Lord Cormack: My Lords, I intervene briefly because for five years I had the privilege of chairing the Northern Ireland Affairs Committee in another place. The first major inquiry we conducted was into organised crime. The report was received with concern, but also with considerable approval across Northern Ireland. I am deeply concerned to hear that the National Crime Agency is not going to be able fully and effectively to function.

Devolution was worked for very hard, but when it came to the devolution of policing and justice, many of us had considerable concerns and misgivings. Even so, we were glad that further progress was being made in what had been the most troubled part of our kingdom. However, the noble Lord, Lord Empey, was right in what he said in his concluding words. We have not dissolved the United Kingdom. Supreme authority rests with this Parliament. If those to whom we have

25 Mar 2013 : Column 829

devolved behave in such a way that not only do they endanger Northern Ireland, but by implication the rest of the United Kingdom, this Parliament cannot sit idly by. Although this should not be taken, any more than the words of the noble Lord, Lord Empey, as any sort of threat, it is a statement of the reality of the situation. Devolution does not mean independence. Devolution means responsibility, and if responsibility is not exercised responsibly, those who have devolved have a duty to regard that fact.

5.15 pm

Baroness Smith of Basildon: My Lords, when the Crime and Courts Bill first came to your Lordships’ House, I questioned the Minister as to whether it was—I think I used the term—“oven ready”, as there seemed to be so much left to do in the Bill. Given that what was then a 41-clause Bill now has 18 new clauses, it was right to ask that question. The extradition issues, as we have heard from noble and learned Lord, Lord Lloyd, have been tagged on to the Bill. Indeed, the framework document which outlines everything the National Crime Agency should do and how it should do it is still not available, despite promises made at almost every stage of the Bill in your Lordships’ House and the other place.

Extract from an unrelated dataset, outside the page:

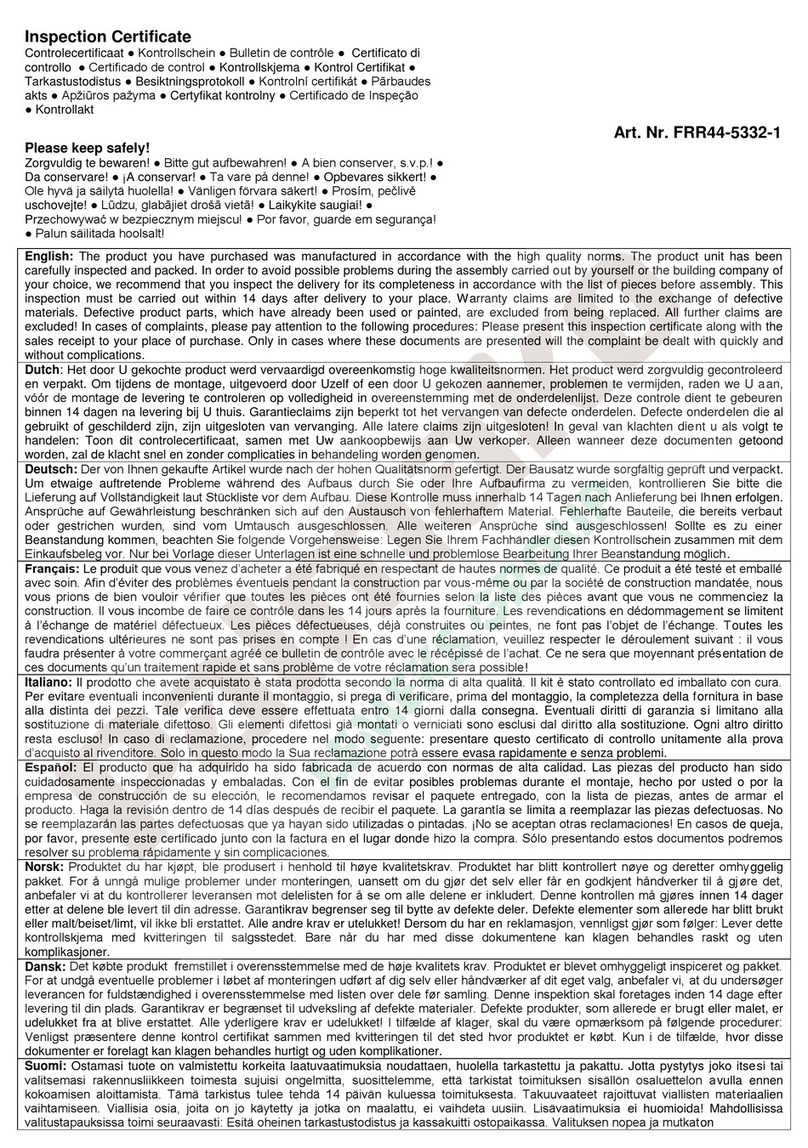 Palmako FRR44-5332-1 installation manual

One thing that emphasises that point is that no agreement was reached with the Northern Ireland political parties or the Assembly around what kind of architecture would work for Northern Ireland to ensure that, as we started the process, there would be a legislative consent Motion. To scrap SOCA, which has worked effectively with the PSNI in Northern Ireland, before the National Crime Agency is properly in place across the whole of the UK is an absolutely shocking state of affairs. It does a disservice to Northern Ireland and is hugely unfair to it.

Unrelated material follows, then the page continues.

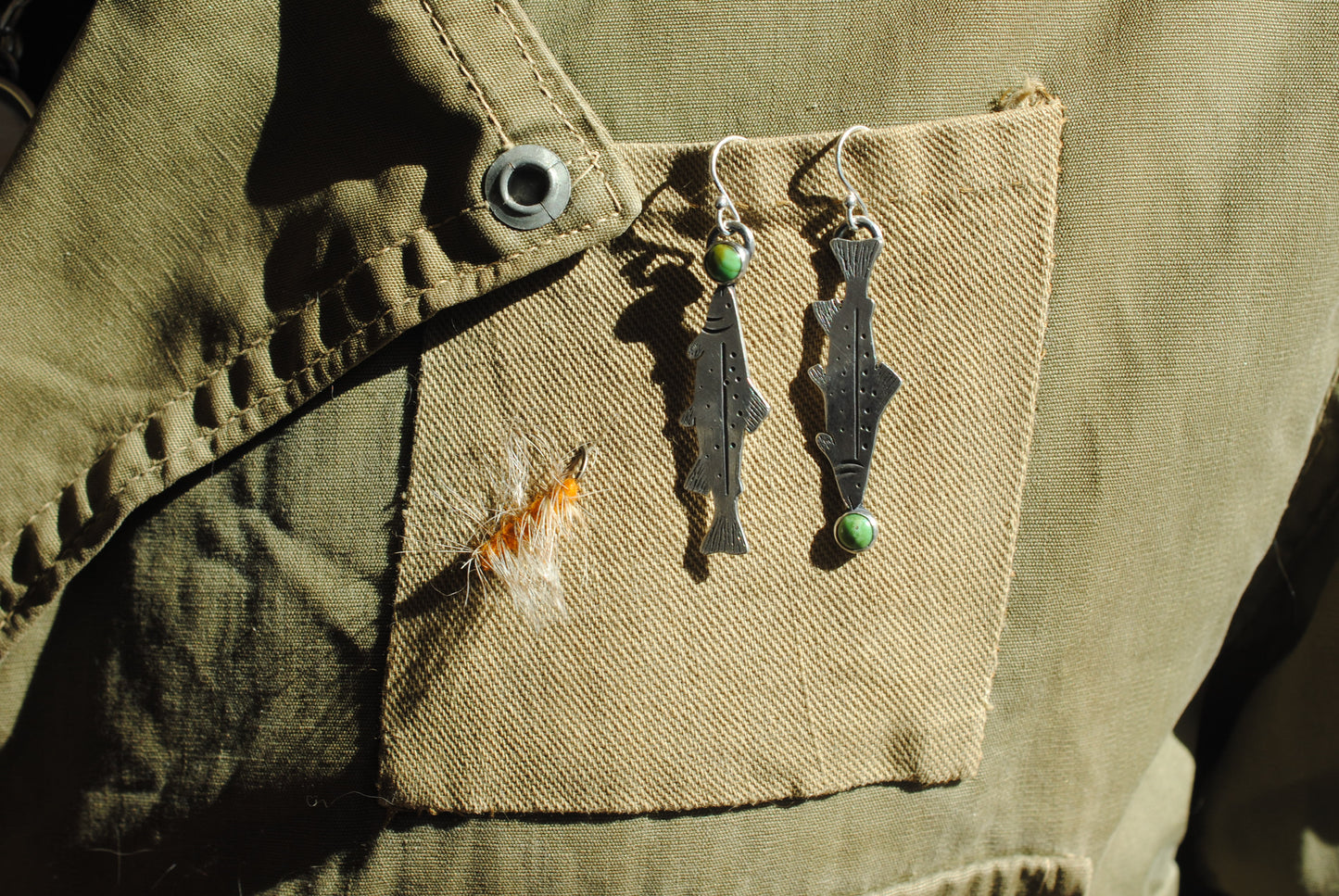 Turquoise Trout Earrings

I understand that having discussions and negotiations with all those involved to ensure that agreement can be reached can be difficult and very time-consuming. The Government were right to have discussions and negotiations with David Ford, the Justice Minister, and I would accept and agree that he has worked extremely hard to find a way through this to ensure that the National Crime Agency could fully operate in Northern Ireland. However, I say to the Minister that the responsibility has to be that of government. I realise that in their negotiations with David Ford the Government have worked hard, but what I am puzzled about, and where I have a question mark over the Government’s actions, is that those who have been involved more closely in Northern Ireland know that in order to reach agreement on this issue—I am sure that the noble Lord, Lord Cormack, is very aware of this—you have to start early discussions with all the political parties, the elected representatives and all those who have a role to play. The comments made by Mark Durkan in the other place last week indicate to me that the discussions did not take place early enough.

I asked two Parliamentary Questions, one to the Minister and one to the Northern Ireland Office, about what discussions had taken place ahead of there being no legislative consent Motion before today’s debate. The Answer I had from the Northern Ireland Office was that:

25 Mar 2013 : Column 830

“The Secretary of State for Northern Ireland has spoken regularly to the Northern Ireland Justice Minister about the National Crime Agency. He”—

the Justice Minister—

“has been leading discussions with Northern Ireland Executive colleagues about the National Crime Agency. The Secretary of State has not discussed the matter in detail with other Ministers in the Northern Ireland Executive. The Government remain committed to delivering a UK-wide crime-fighting agency focused on tackling serious, organised and complex crime”.—[

Official Report

, 28/2/13; col.

WA

354

]

If the Government are so focused, why were discussions not taking place with other Ministers in the Executive, who have a role in accepting a legislative consent Motion, and the representatives of political parties?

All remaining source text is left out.